The report said 31% (120 councils) were behind their project plans, with councils required to be fully compliant with International Financial Reporting Standards (IFRS) next year.
Significant improvement has however been made since November 2009, when the Commission last carried out research to gauge progress.
The report said overall there has been good progress but warned some authorities still face “significant challenges” to IFRS implementation.
It added: “Where local authorities fail to address issues there is a risk that auditors will qualify opinions on accounts or there will be delays to publishing accounts.
“At a practical level, if local authorities delay resolving any outstanding issues they risk incurring extra and unnecessary costs.

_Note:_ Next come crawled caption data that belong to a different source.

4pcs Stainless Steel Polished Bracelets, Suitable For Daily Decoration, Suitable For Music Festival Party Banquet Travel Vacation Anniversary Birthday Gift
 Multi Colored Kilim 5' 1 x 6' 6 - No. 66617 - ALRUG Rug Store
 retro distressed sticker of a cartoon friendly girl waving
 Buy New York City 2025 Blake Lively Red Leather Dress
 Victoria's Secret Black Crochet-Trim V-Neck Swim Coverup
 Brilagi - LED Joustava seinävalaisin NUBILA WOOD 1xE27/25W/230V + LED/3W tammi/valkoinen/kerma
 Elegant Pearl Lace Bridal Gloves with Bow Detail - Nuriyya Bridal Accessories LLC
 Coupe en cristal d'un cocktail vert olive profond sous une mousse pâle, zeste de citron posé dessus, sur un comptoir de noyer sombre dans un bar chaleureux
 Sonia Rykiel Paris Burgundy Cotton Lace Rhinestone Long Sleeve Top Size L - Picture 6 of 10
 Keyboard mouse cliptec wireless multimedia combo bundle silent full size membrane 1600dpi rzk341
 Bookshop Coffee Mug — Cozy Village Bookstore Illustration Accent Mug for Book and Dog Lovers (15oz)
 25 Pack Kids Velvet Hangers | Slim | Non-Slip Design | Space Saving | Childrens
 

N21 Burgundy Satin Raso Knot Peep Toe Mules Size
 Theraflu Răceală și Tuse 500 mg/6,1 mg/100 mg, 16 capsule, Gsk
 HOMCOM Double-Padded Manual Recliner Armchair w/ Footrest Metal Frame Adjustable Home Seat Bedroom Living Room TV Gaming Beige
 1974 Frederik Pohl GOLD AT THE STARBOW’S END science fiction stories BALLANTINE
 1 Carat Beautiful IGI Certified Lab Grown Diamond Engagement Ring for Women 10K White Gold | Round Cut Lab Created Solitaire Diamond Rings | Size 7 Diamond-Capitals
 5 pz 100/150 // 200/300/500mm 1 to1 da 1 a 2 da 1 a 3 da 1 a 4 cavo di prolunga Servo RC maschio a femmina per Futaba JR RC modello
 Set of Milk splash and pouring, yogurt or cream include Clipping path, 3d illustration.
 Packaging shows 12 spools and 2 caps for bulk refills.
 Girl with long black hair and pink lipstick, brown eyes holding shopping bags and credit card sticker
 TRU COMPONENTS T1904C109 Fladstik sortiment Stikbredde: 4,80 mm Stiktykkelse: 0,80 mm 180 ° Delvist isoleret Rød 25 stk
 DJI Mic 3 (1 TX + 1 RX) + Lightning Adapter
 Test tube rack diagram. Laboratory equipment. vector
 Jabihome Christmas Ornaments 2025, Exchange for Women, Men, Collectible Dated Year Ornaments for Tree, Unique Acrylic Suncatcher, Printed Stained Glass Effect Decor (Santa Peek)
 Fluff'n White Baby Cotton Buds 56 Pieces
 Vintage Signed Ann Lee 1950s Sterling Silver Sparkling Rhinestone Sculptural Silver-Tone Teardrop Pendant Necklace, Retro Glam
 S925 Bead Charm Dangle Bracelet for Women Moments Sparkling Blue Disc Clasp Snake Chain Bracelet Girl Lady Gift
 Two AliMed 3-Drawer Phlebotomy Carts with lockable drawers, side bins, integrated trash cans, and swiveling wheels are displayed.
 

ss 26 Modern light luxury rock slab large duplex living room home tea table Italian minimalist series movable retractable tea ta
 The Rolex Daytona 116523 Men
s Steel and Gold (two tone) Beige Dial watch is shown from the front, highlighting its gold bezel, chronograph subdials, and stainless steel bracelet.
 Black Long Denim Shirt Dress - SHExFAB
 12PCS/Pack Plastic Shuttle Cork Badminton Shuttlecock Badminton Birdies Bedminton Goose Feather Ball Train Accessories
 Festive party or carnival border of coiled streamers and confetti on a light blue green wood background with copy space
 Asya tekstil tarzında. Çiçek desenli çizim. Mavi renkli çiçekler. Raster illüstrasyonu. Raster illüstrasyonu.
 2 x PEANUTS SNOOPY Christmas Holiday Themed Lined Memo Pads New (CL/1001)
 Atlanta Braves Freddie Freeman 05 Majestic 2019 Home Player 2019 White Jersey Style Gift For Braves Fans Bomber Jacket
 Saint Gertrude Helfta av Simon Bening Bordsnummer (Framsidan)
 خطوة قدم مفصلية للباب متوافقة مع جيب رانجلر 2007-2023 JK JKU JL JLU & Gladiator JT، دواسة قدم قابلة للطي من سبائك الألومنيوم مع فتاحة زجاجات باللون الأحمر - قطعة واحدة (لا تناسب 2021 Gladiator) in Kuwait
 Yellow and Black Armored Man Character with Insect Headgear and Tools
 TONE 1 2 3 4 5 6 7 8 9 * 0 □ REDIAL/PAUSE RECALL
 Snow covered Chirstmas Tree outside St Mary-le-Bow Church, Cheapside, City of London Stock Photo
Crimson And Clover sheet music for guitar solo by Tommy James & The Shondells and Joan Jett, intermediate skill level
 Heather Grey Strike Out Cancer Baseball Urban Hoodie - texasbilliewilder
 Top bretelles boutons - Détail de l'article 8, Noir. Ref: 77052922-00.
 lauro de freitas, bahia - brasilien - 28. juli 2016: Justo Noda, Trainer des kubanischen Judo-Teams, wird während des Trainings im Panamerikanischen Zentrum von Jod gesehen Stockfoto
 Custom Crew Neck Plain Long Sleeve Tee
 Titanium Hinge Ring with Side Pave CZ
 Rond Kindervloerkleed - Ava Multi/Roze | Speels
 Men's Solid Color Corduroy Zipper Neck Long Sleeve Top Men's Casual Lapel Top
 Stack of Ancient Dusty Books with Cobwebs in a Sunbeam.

In November 2009, auditors reported that only 15% of authorities were on track to produce IFRS-compliant accounts and 21% of authorities were considered to be facing “serious difficulties” with implementation.
The latest report, based on research carried out in July, found 41% were on track while those facing serious difficulties had reduced to 6%. The remaining 53% of councils were considered to be facing minor difficulties, the report said.
Councils currently follow the Generally Accepted Accounting Principles, or GAAP, but the Accounting Standards Board wants all UK bodies, excluding a few small exceptions, to move onto IFRS, so they are more comparable.
Council finance experts say IFRS is a tougher requirement and since the move to introduce it for the sector was announced, districts in particular have raised concerns about additional reporting burdens.